What is expected: Go through the data below and copy each line that includes "Beige".

::: Materials provided :::

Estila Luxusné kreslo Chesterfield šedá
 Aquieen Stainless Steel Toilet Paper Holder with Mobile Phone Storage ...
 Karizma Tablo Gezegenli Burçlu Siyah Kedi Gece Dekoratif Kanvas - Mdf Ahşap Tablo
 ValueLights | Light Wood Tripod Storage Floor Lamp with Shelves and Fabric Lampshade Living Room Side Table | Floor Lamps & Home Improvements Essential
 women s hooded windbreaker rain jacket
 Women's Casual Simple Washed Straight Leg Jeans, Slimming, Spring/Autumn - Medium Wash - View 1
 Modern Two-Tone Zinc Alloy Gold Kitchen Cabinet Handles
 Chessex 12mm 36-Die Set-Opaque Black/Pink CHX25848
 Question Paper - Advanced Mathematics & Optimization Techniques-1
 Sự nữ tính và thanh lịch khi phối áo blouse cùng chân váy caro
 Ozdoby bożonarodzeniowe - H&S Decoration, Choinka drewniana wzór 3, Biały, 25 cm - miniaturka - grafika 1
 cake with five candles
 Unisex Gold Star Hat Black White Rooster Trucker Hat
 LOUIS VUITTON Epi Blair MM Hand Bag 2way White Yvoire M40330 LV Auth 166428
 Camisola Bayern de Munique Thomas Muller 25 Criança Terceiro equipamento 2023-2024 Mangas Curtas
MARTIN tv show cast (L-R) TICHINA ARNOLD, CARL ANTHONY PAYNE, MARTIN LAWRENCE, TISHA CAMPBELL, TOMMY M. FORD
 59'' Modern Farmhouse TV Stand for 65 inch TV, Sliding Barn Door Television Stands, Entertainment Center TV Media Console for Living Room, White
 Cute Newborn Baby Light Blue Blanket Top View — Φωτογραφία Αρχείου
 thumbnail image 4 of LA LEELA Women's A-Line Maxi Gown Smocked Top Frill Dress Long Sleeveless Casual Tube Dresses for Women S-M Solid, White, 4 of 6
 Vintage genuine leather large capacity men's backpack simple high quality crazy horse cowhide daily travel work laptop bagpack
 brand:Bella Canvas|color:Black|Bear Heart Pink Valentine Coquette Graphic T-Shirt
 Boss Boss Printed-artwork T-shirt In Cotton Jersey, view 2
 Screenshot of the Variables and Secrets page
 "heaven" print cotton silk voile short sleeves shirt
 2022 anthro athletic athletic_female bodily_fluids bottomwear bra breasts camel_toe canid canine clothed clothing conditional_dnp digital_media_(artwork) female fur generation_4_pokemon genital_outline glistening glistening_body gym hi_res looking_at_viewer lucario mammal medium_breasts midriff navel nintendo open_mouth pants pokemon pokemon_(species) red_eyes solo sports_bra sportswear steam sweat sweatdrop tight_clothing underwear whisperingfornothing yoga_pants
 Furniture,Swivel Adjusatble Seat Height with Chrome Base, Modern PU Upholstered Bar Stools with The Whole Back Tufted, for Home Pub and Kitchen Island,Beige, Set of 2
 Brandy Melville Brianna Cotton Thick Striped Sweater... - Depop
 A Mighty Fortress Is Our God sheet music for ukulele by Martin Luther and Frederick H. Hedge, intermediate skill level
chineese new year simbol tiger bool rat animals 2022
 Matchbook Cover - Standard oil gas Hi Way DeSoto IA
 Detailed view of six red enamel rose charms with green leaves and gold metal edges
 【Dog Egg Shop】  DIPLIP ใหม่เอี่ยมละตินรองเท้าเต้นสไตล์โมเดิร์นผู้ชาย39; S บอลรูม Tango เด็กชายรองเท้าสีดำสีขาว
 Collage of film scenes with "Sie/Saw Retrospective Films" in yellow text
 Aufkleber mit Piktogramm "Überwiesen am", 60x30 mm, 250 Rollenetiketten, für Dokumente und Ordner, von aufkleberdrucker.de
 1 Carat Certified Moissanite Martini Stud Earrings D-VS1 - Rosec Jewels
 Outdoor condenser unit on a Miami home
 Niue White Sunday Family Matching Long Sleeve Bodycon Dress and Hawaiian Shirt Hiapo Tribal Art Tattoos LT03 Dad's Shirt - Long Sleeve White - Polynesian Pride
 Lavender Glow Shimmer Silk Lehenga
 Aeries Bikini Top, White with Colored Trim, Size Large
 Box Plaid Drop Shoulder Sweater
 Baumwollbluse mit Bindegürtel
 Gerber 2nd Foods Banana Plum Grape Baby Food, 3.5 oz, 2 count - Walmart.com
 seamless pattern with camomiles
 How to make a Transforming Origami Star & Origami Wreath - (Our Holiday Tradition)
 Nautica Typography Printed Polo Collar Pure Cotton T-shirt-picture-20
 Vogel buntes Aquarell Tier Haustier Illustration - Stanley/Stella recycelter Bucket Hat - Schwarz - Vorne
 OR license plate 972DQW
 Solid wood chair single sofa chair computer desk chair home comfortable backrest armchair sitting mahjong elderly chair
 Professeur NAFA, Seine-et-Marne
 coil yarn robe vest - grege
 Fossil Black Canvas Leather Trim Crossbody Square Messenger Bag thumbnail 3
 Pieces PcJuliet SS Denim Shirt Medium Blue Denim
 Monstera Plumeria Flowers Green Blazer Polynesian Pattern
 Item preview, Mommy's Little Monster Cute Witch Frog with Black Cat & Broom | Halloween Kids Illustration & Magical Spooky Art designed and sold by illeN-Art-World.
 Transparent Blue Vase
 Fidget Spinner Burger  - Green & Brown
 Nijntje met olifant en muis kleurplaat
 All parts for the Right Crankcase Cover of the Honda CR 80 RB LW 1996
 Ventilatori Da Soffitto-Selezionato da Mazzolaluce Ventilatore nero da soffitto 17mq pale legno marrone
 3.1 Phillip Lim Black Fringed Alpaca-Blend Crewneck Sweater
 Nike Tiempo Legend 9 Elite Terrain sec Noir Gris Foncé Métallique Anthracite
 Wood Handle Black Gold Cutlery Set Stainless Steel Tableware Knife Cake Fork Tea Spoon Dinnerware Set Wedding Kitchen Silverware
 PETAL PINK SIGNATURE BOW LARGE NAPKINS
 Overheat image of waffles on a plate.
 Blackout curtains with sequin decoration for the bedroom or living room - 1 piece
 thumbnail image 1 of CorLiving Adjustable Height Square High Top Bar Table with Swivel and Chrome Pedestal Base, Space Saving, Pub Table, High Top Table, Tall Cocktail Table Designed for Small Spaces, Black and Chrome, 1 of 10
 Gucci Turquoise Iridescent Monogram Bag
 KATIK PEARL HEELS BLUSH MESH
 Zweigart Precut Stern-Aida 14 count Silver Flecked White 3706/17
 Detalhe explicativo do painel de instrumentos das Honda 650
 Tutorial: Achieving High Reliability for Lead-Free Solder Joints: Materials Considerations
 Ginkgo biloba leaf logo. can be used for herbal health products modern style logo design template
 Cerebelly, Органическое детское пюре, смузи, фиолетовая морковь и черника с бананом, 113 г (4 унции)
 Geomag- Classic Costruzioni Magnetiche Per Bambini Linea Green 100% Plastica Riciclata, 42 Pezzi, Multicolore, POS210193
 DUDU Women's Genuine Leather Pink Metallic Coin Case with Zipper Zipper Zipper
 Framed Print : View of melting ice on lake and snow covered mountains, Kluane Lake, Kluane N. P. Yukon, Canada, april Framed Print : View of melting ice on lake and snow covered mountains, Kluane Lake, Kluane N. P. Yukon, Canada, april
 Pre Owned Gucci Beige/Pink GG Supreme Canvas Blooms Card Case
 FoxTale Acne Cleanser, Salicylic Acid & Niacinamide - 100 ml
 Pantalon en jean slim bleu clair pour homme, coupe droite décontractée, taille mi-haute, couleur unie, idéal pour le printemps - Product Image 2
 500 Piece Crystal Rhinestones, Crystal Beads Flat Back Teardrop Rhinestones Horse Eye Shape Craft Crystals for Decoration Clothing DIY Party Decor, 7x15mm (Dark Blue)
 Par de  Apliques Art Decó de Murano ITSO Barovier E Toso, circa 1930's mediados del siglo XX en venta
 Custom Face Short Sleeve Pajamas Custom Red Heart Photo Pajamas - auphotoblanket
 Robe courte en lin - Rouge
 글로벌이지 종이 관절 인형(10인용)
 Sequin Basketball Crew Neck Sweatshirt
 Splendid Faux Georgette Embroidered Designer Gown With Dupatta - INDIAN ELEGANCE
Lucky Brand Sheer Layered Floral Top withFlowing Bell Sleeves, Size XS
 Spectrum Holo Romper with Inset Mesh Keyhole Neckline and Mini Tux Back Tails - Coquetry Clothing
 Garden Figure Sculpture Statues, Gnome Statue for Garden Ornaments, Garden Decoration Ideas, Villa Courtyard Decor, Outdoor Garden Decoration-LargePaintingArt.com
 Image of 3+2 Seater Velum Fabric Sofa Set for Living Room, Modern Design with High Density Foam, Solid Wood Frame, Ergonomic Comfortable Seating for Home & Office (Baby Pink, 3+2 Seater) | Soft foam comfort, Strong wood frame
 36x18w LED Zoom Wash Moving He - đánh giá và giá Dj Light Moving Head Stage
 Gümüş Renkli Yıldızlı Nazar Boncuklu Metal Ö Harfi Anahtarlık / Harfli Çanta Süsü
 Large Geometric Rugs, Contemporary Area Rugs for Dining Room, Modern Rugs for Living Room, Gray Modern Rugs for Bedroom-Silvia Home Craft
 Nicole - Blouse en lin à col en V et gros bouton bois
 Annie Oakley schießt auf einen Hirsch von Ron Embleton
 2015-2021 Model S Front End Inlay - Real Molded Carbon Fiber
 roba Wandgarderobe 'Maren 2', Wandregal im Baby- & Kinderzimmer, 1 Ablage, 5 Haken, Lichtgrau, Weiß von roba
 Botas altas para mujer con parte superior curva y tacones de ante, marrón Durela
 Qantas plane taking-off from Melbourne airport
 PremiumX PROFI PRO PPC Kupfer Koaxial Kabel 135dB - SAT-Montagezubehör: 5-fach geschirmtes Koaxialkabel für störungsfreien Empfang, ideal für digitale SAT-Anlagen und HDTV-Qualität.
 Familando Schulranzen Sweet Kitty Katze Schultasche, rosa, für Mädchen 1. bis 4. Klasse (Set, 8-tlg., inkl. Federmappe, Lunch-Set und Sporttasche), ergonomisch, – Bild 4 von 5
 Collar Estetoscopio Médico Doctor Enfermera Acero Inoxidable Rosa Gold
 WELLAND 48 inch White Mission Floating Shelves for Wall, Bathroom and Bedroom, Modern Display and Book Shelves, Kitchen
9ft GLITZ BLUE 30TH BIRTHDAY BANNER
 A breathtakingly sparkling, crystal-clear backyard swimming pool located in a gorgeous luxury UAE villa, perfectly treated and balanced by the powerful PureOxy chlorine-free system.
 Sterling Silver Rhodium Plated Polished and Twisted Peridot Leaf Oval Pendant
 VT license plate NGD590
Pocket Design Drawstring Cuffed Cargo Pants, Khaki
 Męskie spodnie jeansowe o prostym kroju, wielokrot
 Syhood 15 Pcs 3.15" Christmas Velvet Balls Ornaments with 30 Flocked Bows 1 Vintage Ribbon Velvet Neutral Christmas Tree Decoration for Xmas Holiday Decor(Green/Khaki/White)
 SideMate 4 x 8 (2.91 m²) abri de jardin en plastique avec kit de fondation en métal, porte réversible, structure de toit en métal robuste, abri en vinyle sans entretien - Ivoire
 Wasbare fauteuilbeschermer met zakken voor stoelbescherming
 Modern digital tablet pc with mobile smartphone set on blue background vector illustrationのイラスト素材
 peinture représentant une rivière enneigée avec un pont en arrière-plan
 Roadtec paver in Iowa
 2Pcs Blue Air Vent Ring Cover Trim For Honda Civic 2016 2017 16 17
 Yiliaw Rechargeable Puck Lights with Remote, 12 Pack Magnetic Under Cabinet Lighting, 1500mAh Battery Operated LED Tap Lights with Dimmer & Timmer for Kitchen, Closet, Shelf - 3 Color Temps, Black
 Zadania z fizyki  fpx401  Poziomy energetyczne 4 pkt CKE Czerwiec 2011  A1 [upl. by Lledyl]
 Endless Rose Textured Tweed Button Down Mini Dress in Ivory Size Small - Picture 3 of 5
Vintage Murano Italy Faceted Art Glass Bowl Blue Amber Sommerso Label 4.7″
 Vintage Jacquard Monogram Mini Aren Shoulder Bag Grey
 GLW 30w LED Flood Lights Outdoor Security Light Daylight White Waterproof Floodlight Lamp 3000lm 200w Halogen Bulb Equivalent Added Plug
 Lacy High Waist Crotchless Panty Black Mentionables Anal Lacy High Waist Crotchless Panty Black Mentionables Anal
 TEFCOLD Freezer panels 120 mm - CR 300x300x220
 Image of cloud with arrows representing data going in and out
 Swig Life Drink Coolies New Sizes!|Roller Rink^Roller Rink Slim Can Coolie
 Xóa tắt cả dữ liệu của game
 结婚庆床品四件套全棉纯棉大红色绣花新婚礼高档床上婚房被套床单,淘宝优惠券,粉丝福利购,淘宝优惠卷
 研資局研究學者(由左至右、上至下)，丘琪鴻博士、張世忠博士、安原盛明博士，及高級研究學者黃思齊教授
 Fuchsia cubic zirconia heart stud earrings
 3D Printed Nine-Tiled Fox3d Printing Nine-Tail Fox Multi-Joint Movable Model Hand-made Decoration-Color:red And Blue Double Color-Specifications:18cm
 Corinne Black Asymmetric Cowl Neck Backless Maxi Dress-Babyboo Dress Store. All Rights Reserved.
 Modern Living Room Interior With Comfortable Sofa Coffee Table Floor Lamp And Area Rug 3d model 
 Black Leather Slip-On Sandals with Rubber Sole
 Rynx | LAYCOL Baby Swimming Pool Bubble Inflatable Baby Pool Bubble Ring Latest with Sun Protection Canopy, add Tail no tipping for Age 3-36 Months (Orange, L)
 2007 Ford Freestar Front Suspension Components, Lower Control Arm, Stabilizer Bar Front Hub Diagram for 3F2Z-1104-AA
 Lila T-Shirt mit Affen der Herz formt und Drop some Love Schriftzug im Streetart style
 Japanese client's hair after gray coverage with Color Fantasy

:::

Written answer:
 Furniture,Swivel Adjusatble Seat Height with Chrome Base, Modern PU Upholstered Bar Stools with The Whole Back Tufted, for Home Pub and Kitchen Island,Beige, Set of 2
 Pre Owned Gucci Beige/Pink GG Supreme Canvas Blooms Card Case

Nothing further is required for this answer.